# EXERCISE OBJECTIVE:
Using the material below, return exactly the lines between the one holding "Southbound I-75 overnight" and the one holding "Steel Alpha Battlefoil", inclusive, and no others.

# THE DATA:

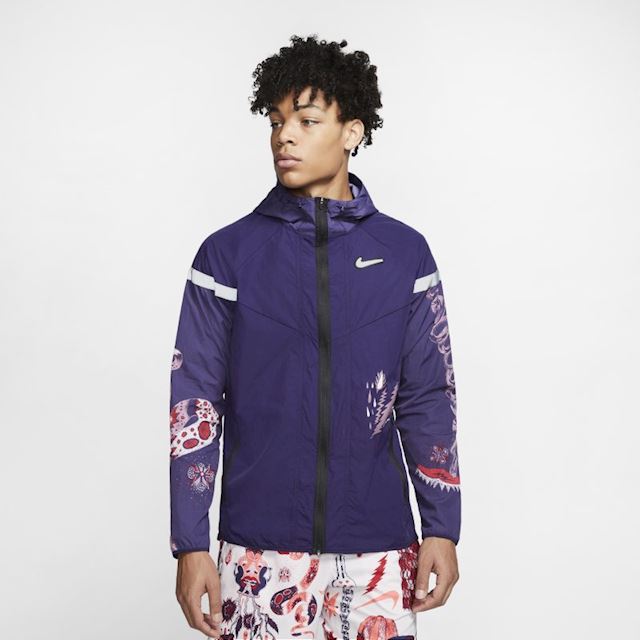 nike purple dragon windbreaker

==

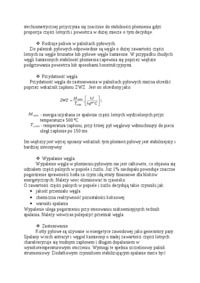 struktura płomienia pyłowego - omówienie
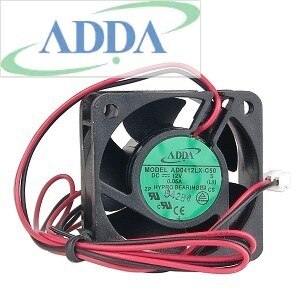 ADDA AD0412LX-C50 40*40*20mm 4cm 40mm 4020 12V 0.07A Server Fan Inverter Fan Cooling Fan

---

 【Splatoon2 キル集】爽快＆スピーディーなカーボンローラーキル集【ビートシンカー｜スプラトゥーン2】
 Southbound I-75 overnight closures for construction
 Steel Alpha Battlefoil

# YOUR SOLUTION:
 Southbound I-75 overnight closures for construction
 Steel Alpha Battlefoil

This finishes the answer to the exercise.